In her keynote address to the over 500 CUPE members, leaders, activists and staff in Ottawa for the conference, Dr. Murray stressed the need to reach all workers with the importance of workplace health and safety.
“Our job as activists, is to take the issues we are passionate about, and show that passion to others,” said Dr. Murray. “The most important thing you can do is to make sure the people who work next to you know how these conditions are harming their health.”
Dr. Murray is currently Chief Medical Officer for the Cook County Department of Public Health in Illinois, and has been an advocate for social justice and the recognition of health care as a basic human right for over 40 years. She is a past president of the American Public Health Association, and a former CUPE member.
While highlighting the contributions the labour movement has made in improving workplace conditions, Dr. Murray told conference participants there is lot of work left to do.
“In Canada, basically a worker is killed every eight hours on the job. We need all Canadians to realize this, and to acknowledge that it is not acceptable,” said Dr. Murray.
But the importance of this work is not limited to the workplace. Especially for public sector unions like CUPE.

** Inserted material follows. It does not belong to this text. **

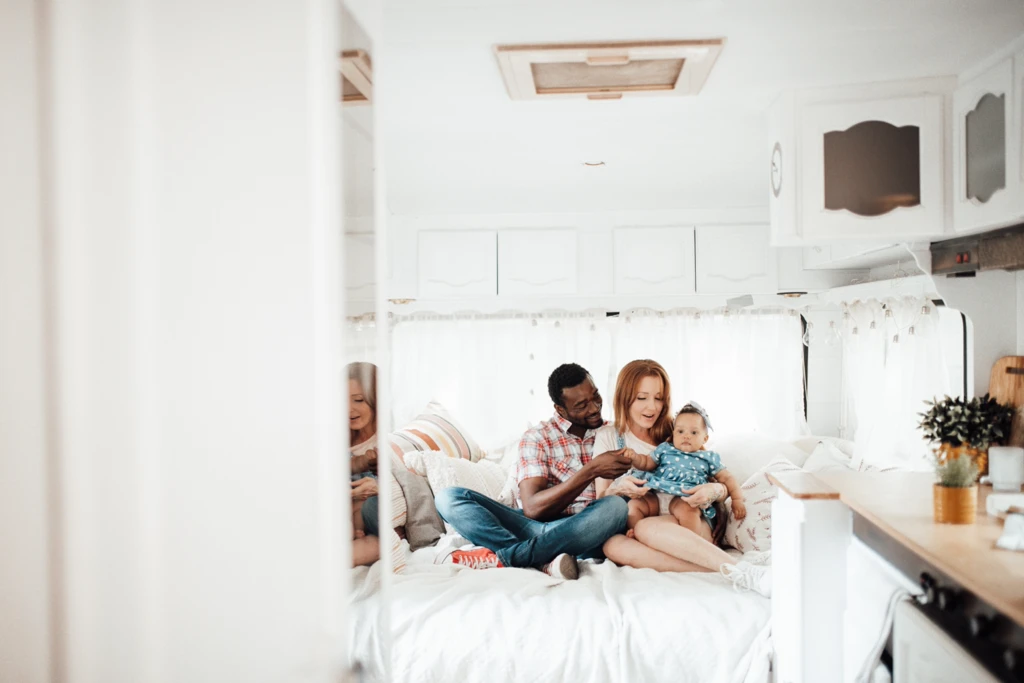Famille assise sur un lit à l’intérieur d’une roulotte lumineuse, illustrant l’importance du confort intérieur, de l’espace de vie et de la configuration des couchages.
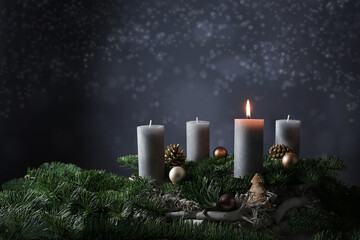 First advent with one burning candle on fir branches with Christmas decoration against a dark grey...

“In our jobs, our health and safety impacts everybody. When teachers are healthy, everyone gets a better education. When our water and waste water workers are safe, our drinking water is safe. When our healthcare workers are healthy and safe, our families get better care,” said Dr. Murray.
She also challenged CUPE to the see the health and safety implications in broader social justice issues.
“The most common occupational disease in the country is unemployment. Unemployment will make you sick, worrying about being unemployed will make you sick,” explained Dr. Murray. “Low paying jobs are a health and safety issue. Racism is a health and safety issue. Discrimination and violence against women is a health and safety issue.”
It’s because of this that Dr. Murray said it is vital for the labour movement to not just engage and work with union members, but reach out to all communities.
“In order for us to have safe workplaces in Canada, we must have social justice. We can make things right. When we fight for social justice, we fight for safe water systems, good schools, and better health care,” said Dr. Murray. “You can not have a healthy country if you don’t have a healthy labour movement.”
Concluding her keynote address, Dr. Murray was clear in the importance of working for healthier and safer workplaces and communities. “We have no choice, we must fight for what’s right. We have no choice, because we are fighting for our lives.”